I’ve finetuned it with a set of new images : “helmet” and “heads” (these classes does not exist in COCO Dataset.). The result is a new model that works fine, but only makes prediction on these 2 new classes.
My question : How to get a new model that contains 90+2 = 92 classes.
(90 class from the pre-trained model + my 2 new classes)
You must provide an exact number of classes that your model is going to detect. By default, it is equal to 90 because the pre-trained model is supposed to be used for 90 objects within the COCO dataset.
So you need to update num_classes to 92.
We should create category index dictionary to map the labels to corresponding label names.
Following your suggestion :
1/ I’ve updated num_classes to 92 as requested.
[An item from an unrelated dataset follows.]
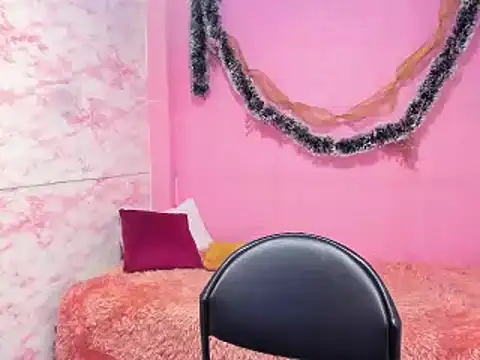 Snapshot of Brunette_sasha chatting on 5, 1, 2025 Brunette sasha online show from 5, 1, 2025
2/ I’ve also created the category index dictionary starting with the original label_map.pbtxt from coco dataset (90 classes) and adding my 2 classes at the end :
While fine-tuning If the data doesn’t have the previous 90 classes data it may have some effect on the model. Because original model has been trained on 90 classes and now the weights will be adjusted for just the two new classes.
My initial question was “How to keep original classes when finetuning a model”
The idea behing was :
Making prediction with a 90 classes model takes x ms.
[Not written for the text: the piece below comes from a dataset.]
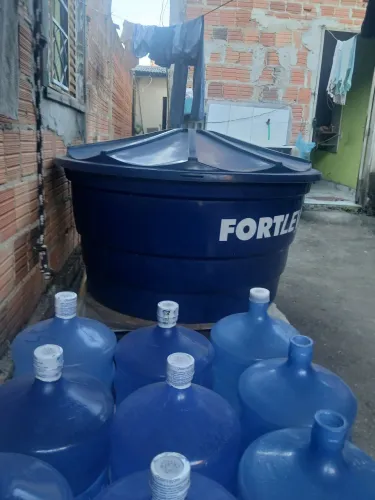 Vende-se caixa d'água de 1000 litros forteLev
Making prediction with a 2 classes model (helmet + head) takes y ms.
So making preductions on 92 classe by querying 2 models takes x+y ms.
My feeling was that the response time would be better if I manage to create a single model with my 92 classes.
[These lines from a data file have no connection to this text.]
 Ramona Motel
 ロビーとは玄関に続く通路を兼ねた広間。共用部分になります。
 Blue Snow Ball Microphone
Am I right, and how to achieve it ?
And yes, your intuition is correct. Querying a model with 92 classes is not going to much slower than querying one with 90 classes whereas querying two models is going to be slower. Also, the answer from two models isn’t going to answer your question. Because no matter what input you give the softmax values from each model will sum to 1. So you could get 0.75 helmet, 0.25 head in one model and 0.75 hair dryer, with 0.25 distributed over the other 89 classes - and you can’t tell whether the right answer is helmet or hair dryer.